Problem:
Pictures are to be omitted. Output only the lines from the one containing "Sanir Retro Serif" through the end of the data, word for word.

Data provided:
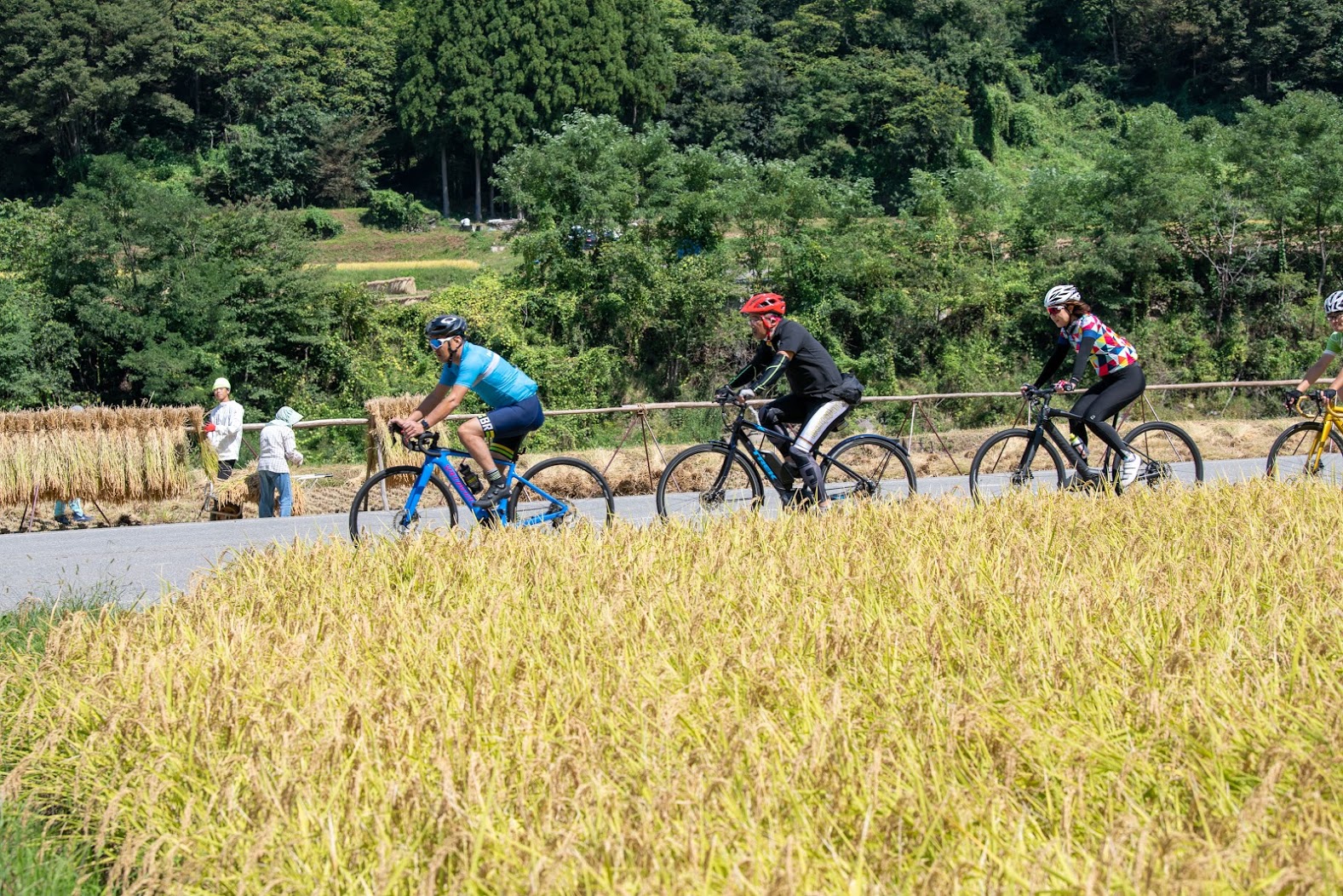 お米の収穫風景を横目に走る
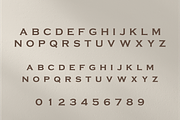 Sanir Retro Serif Font, a Serif Font by Creative Foundry (Thumbnail 6 of 8)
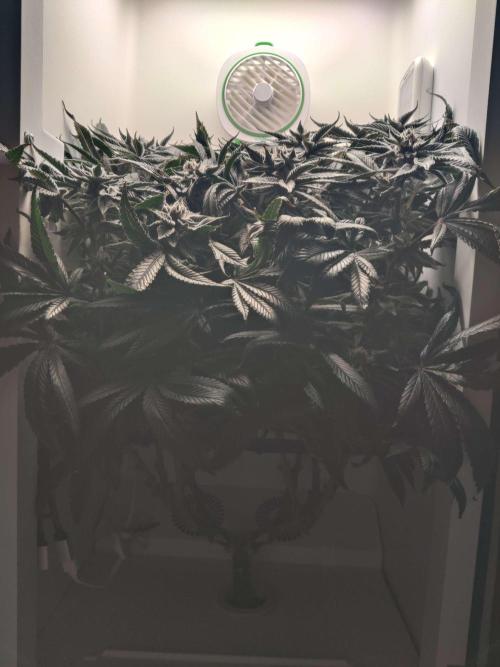 Vivian. Week 14 - Day 6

Solution:
 Sanir Retro Serif Font, a Serif Font by Creative Foundry (Thumbnail 6 of 8)
 Vivian. Week 14 - Day 6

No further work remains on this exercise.